Furniture and furnishings
Furniture and furnishings at the Folger Shakespeare Library fall into several categories: artifacts from Shakespeare's time or with Shakespearean associations that are considered part of the collection, antiques acquired for decoration and use, "special furniture and furnishings" designed for the library in 1931, and standard furnishings of the sort that could be found in any office or library supply catalog over the decades.
The art in the reading rooms is the most obvious example of collection material that is located outside the usual "vault" location, particularly the forty two paintings and the "Garrick chair" that can be found in the Bond Reading Room. Other collection material on display includes porcelain figurines and other objects in the cases in the Founders' Room, paintings hung elsewhere in the building, and decoration that is literally part of the building, like the Seven Ages of Man window in the Paster Reading Room.
Many of the antiques in use at the Folger came through wealthy Washingtonian Alice Maury Parmelee (1862-1940), a friend of Mrs. Folger. Some were loaned or given during Mrs. Parmelee's lifetime, many others were left to the Folger in her will. This antique furniture was intended to be decorative and functional rather than to be museum pieces. Some items are, in fact, made up from several pieces of Jacobean-era furniture. Other items, such as the replica Renaissance globes in the Paster Reading Room, were not antiques at the time they were acquired, but have natrually aged into "antique furniture" status over the decades.
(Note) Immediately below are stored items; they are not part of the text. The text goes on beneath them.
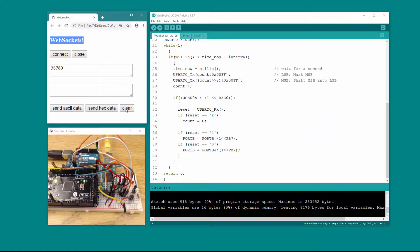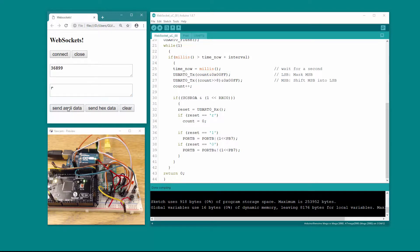The clear button actually doesn't work because I'm overriding it — it keeps updating with the count. It'll keep updating with the value of the counter, the integer counter, 16 bits, 2 bytes, coming from the microcontroller. So I've added a way to clear this — I send an 'R' and it clears it. And if I send an ASCII '0', it turns my LED off. If I send an ASCII '1', it turns my LED on. And ASCII '0' turns my LED off.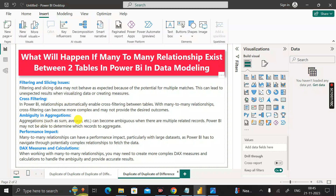Next is ambiguity in aggregations. Aggregations such as SUM, AVERAGE, etc., can become ambiguous when there are multiple related records, and Power BI may not be able to determine which record to aggregate. This issue arises specifically because of the many-to-many relationship between the tables.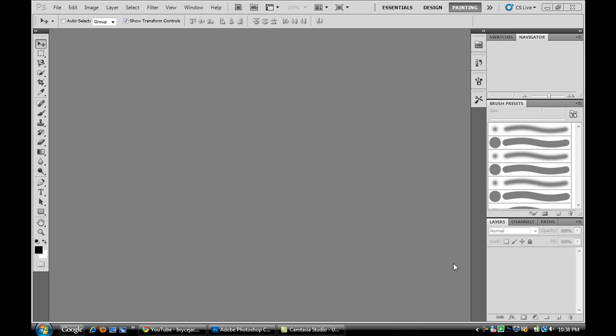Hi everyone, this is a Photoshop tutorial and I'm using Photoshop CS5 on Windows Vista. This is going to be a tutorial on how to change the colors of items in Photoshop.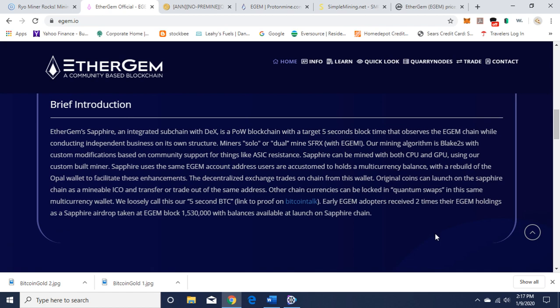Moving on with the introduction, it looks like they're trying to get to this EtherGem Sapphire, an integrated subchain with DEX. It's a proof-of-work blockchain with a target five second block time that observes the EGEM chain while conducting independent business on its own structure. Miners solo or pool mine SFRX, which stands for Sapphire, with EGEM. The mining algorithm is Blake2s with custom modifications based on community support for things like ASIC resistance, which is good for us GPU miners. Sapphire can be mined with both CPU and GPU using their custom-built miner. Sapphire uses the same EGEM account address users are accustomed to.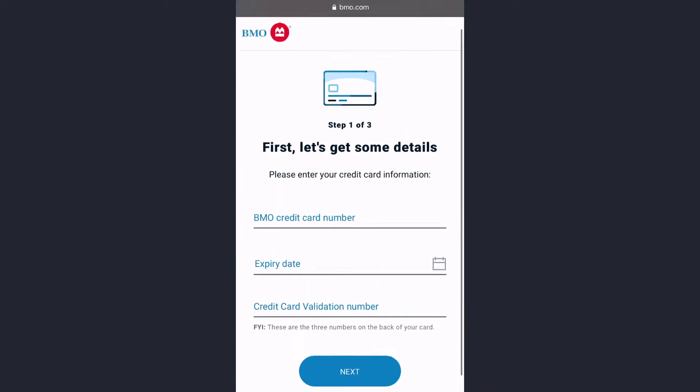Once you follow all the steps provided to you, you will be successfully enrolled in BMO Bank's online banking account and services. So that is it for this video — hope this was helpful to you guys.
Special furniture and furnishings
Paul Cret's original design for the Folger included over two hundred Tudor-inspired items desgined specially for the library by Westing, Evans & Egmore, Inc., of Philadelphia. Many of them are still in use, including the tables and chairs in the Paster Reading Room, and the little oak stools and end tables found throughout the building. For the original list, entitled "Special Furniture and Furnishings, Schedule A: of English Design," see the list of Westing, Evans & Egmore furniture and furnishings.
Standard furniture and furnishings
Some of the standard office furniture original to the library is still in use. The filing cabinets from the 1930s are especially prized, since they are of much higher grade steel than modern filing cabinets. Desks and tables were primarily of two types: oak (often with a black top), and grey steel (often with a composite material top). Both kinds of desk had typewriter storage in the left-hand side: a pop-out shelf at typing height that could be pushed down into the desk and concealed behind a false front. Original office bookcases are likewise either oak, or grey steel.